Osteoarthritis, also referred to as degenerative joint disease, can be either primary or secondary. Primary osteoarthritis is usually due to the aging process. The reality of life is that we are mechanical in nature, and all of our parts are subject to wear and tear. Eventually the parts just wear out. How fast the parts wear out is up to us to a large degree. If you buy a new car and take great care of it, 25 years later you have a classic car. If you take good care of your body in your 60s, 70s and beyond, you will be a classic.

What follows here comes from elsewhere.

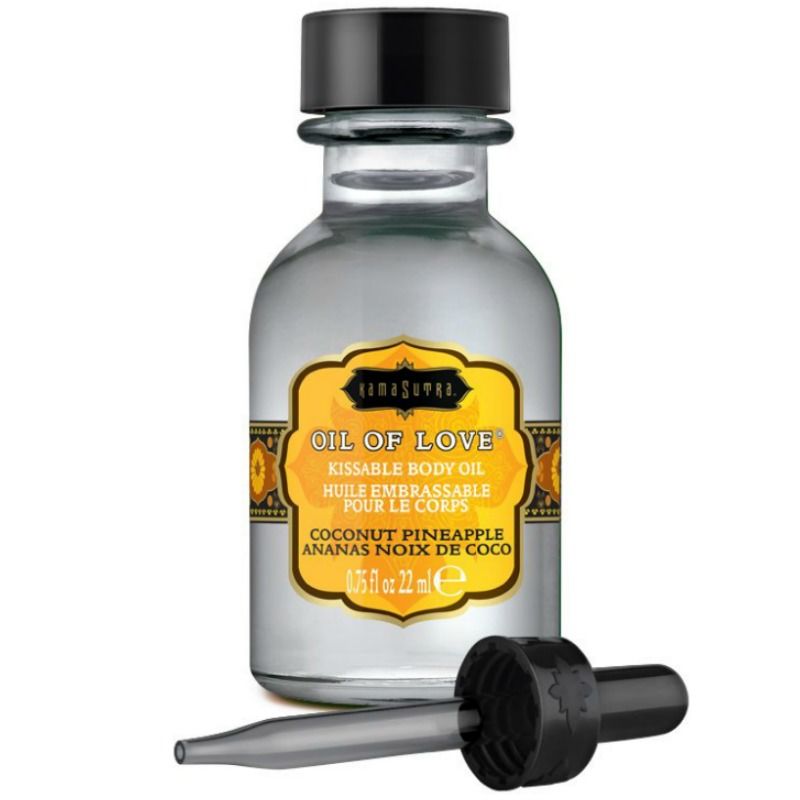 Huile comestible chauffante coco ananas 22 ml — Oil of Love · Kamasutra Cosmetics · Huiles aromatisées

Secondary osteoarthritis can be from a direct trauma to the area, such as a sports=related injury or something like a motor vehicle accident. Patients who have had to have complex surgery to repair an athletic injury may experience an acceleration of osteoarthritis later in life. This rate of arthritic development has reduced as the precision of surgical procedures has improved. Look at the difference between Joe Namath having knee surgery in the 1960s and Adrian Peterson having knee surgery in 2016. There were two very different outcomes, and while Joe Namath has already had a total knee replacement, we are yet to see the long-term outcome of Adrian Peterson. Patients who play physical sports such as ice hockey, football, wrestling, etc. may have an accelerated path to osteoarthritis of the spine. While physical conditioning helps reduce the onset of osteoarthritis, the repeated trauma cannot be reversed, only slowed.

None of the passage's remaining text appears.